TROY, N.Y. -- Mornings can be a little hectic, as any parent can attest. It's a time to get ready and prepare for the day and for ZaQuan Irby, there's a lot to plan for.

"Some people may say, 'how do you do it, or is it hard?'" he said. "Because if you don't have an option, if you have one option, then failure is not an option. You have to succeed, so that pushes me to be the best I can be to help my family."

Shortly after the birth of his son Marquel, ZaQuan made the decision to go back to school, he says he needed a career and not just a job, and little did he know at the time, there was going to be a career he was perfectly suited for.

"In order to coach, I needed a degree. So I went into physical education, and it turns out teaching is something that comes natural because I was already doing it without knowing it -- in the form of football," said Irby.

To say that ZaQuan impressed his professors and professionals he is student teaching with would be an understatement.

"He is so genuine. He came in the first time, even in the opening email to me was, I could feel the words he put in the email was genuine," said Dennis McCormick Jr., a Voorheesville physical education teacher.

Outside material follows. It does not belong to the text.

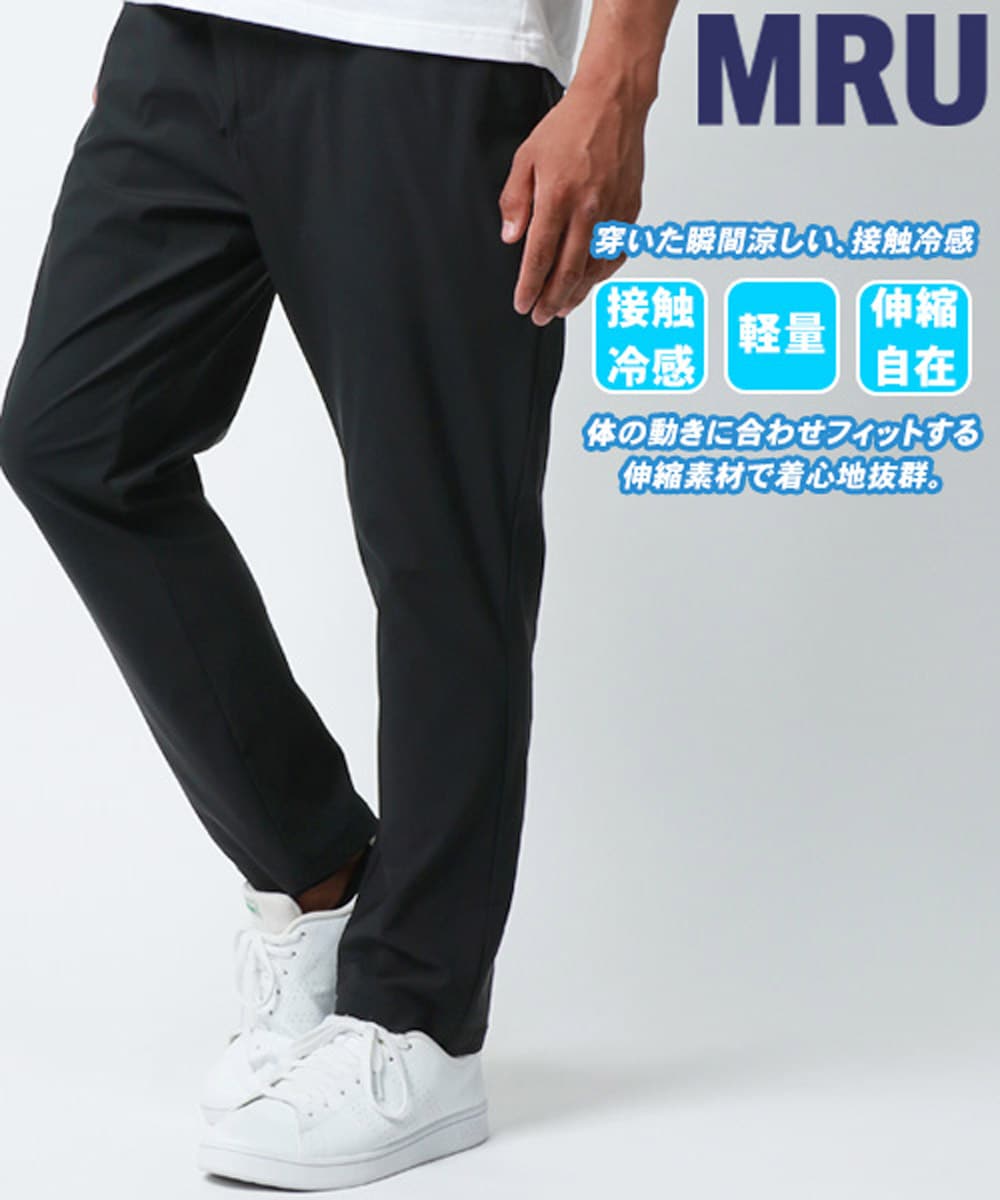 ひんやり接触冷感】 ストレッチパンツ ユニセックス ワイド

However, what makes ZaQuan such an inspiration isn't just what he has accomplished in school, you need to look at his whole day. After getting his two young children ready for school, he student teaches the entire school day at Voorheesville Elementary School,  then leaves to coach Schenectady's modified football team. At 5:30 p.m. he leaves for his full-time job working at Rennselaer ARC, he gets home around 11 p.m. just in time to get enough sleep to do it all again the next day.

And if that wasn't enough, he spends at least a few hours a week volunteering to coach youth football in Albany.

"To tell you the truth, right now, not much for myself, but everything I do ultimately will place me in a position to where I'll be able to relax one day," said Irby.

"I'll think he'll be an outstanding teacher. I think he really understands what it takes to be an educator and it's not about him. Being here and teaching, it's about the students and making sure they become life long active movers," said Peter Stapleton, the SAGE Undergraduate Physical Education program director."

ZaQuan doesn't know what the future holds. He graduates from SAGE in December and says he is willing to do and go wherever he needs to be successful, but if coaching football is his chosen field, he won't have to look far for some devoted recruits.

"Raising some good football players? That's just by choice. They chose the football route," he said. "I'm going to support whatever they do. If they want to be the best gardener, I'm going to support it. If they want to be a doctor, I'll support it. If they want to be a teacher like myself, I'll support it," Irby said.